I have been studying electrical for about a year and still do not fully understand magnetism and the relevance is has to do with electrical. I understand electrons and protons and neutrons and that they have charges. (except a neutral) Why do books keep talking about iron bars and how strong their magnetism is. I know it has something to do with a transformer but not sure what. ALSO if electrical has to do with magnetism why is it that the magnetism does not attract any materials in a transformer or switchgear or panel. Can someone please jus put this in simple terms why magnetism is important


----------



## Phillipd (Jan 7, 2020)

DREC121 said:


> I have been studying electrical for about a year and still do not fully understand magnetism and the relevance is has to do with electrical. I understand electrons and protons and neutrons and that they have charges. (except a neutral) Why do books keep talking about iron bars and how strong their magnetism is. I know it has something to do with a transformer but not sure what. ALSO if electrical has to do with magnetism why is it that the magnetism does not attract any materials in a transformer or switchgear or panel. Can someone please jus put this in simple terms why magnetism is important


Look into some YouTube channels. There’s plenty of good videos on there covering the topic.


----------



## kb1jb1 (Nov 11, 2017)

Warning. Do not refer to You Tube unless you have a good working knowledge of electricity. There is a lot of dangerous misinformation on it. Magnetism is a very basic principle of electricity and if you are starting on a career path then start with strong building blocks. Magnetism induces voltages. That is why it is important to get the proper start. You Tube does have good videos but be careful.


----------



## Bird dog (Oct 27, 2015)

Take a class on basic electricity or read a book on basic electricity. Are you in an apprenticeship?


----------



## Kevin (Feb 14, 2017)

@DREC121 , please fill out your electrical related field on your profile. It only takes a few minutes and is required on this site.


----------



## Bird dog (Oct 27, 2015)

If the hyperdrive is broken, the electrons can't make lightspeed to make the jump to hyperspace. 
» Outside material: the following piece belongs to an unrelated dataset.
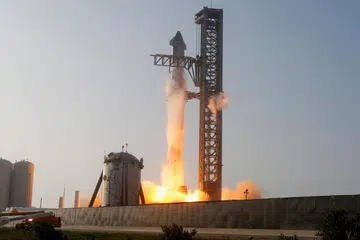 TIADA JAMINAN KESELAMATAN: Kapal angkasa generasi terbaru SpaceX dilancarkan ke angkasa dari Boca Chica dalam satu ujian tanpa kru tetapi meletup sejurus selepas itu di Brownsville, Texas,  Amerika Syarikat.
If Kevin beams up, he's headed for the closest wormhole warpfactor 2.


----------



## Wirenuting (Sep 12, 2010)

Bird dog said:


> If the hyperdrive is broken, the electrons can't make lightspeed to make the jump to hyperspace.
> 
> If Kevin beams up, he's headed for the closest wormhole warpfactor 2.


You can see that Warp drive is far superior to a hyperdrive due as it doesn't need magmatism to operate.


----------



## Wardenclyffe (Jan 11, 2019)

*Animal magnetism*, also known as mesmerism, was the name given by German doctor Franz Mesmer in the 18th century to what he believed to be an invisible natural force (Lebensmagnetismus) possessed by all living things, including humans, *animals*, and vegetables.


----------



## just the cowboy (Sep 4, 2013)

Here is a book with some information in laymans terms that I wrote.
Cowboy


----------



## Bird dog (Oct 27, 2015)

just the cowboy said:


> Here is a book with some information in laymans terms that I wrote.
> Cowboy


I glaned at the first few pages & it looks very professional. tnx


----------



## joe-nwt (Mar 28, 2019)

Bird dog said:


> I glaned at the first few pages & it looks very professional. tnx


Now I'm scared to download it........


----------



## gpop (May 14, 2018)

DREC121 said:


> I have been studying electrical for about a year and still do not fully understand magnetism and the relevance is has to do with electrical. I understand electrons and protons and neutrons and that they have charges. (except a neutral) Why do books keep talking about iron bars and how strong their magnetism is. I know it has something to do with a transformer but not sure what. ALSO if electrical has to do with magnetism why is it that the magnetism does not attract any materials in a transformer or switchgear or panel. Can someone please jus put this in simple terms why magnetism is important



You have probably been taught about DC magnets that attract iron/steel and then AC was explained as DC being switch backwards and forwards which ends up with total confusion. 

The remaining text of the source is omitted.